4.2 Snowfall sensor estimates
Snowfall rates from precipitation gauges show large differences among each other. Battaglia et al. (2010) already showed that OTT Parsivel instruments overestimate the number of large particles. Further, the uncertainty they found regarding fall velocity was high. Wong (2012) also found a large overestimation of snowfall for the OTT Parsivel of about 50 % (Table 1), while the overestimation became larger during high wind speeds. The relatively low accuracy of ± 20 % for snowfall as given by the manufacturer compared to other instruments does make strong overestimations not surprising. Observations examined here appear to confirm this overestimation. Although the installation on the top deck of RV Polarstern at 24 m height appears to be well protected against blowing snow (Fig. 15a), the overestimation of P2PS rather appears to be due to wind itself as also found in earlier studies.
Regarding Vaisala PWD22 and snowfall, Boudala et al. (2016) found that in comparison with manual measurements, it overestimated snowfall by about 33 % due to detected snow crystals not observed by the human observer. Wong et al. (2012) instead found good agreements with two Vaisala VRG 101 (double-alter shielded) and two OTT Pluvio (Tretyakov shielded) gauges.
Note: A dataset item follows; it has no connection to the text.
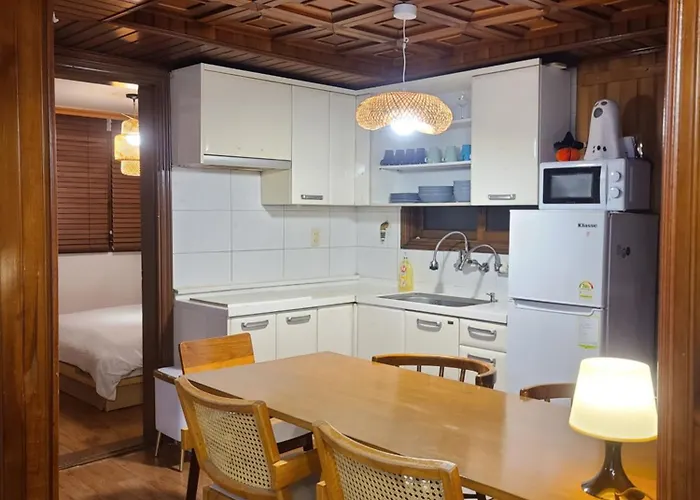 게스트하우스 Yeonnam House 서울특별시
Compared to a Geonor gauge in a double fence intercomparison reference (DFIR), Wong (2012) found an underestimation for solid precipitation of 32 % for the PWD22. Hence, we expect and also can confirm an underestimation of snowfall during MOSAiC. However, with 1.1 mm the RMSE was the lowest compared against all other validated sensors. Wong (2012) found little wind influence on the PWD22 measurements, which we can confirm, as the RMSE relative to SWE estimates was reduced least (as relative value) compared against all other sensors after drifting snow periods were eliminated from the comparison. Compared against SPC mass flux, we demonstrated that the installation on the railing on the top deck of RV Polarstern has protected the sensor from blowing snow. Conversely, the same device installed in met city on the ice showed a relative overestimate, suggesting an influence from blowing snow. Comparisons with the KAZR-derived snowfall, which is also unaffected by blowing snow, further support the notion that the PWD22PS was not significantly impacted by blowing snow.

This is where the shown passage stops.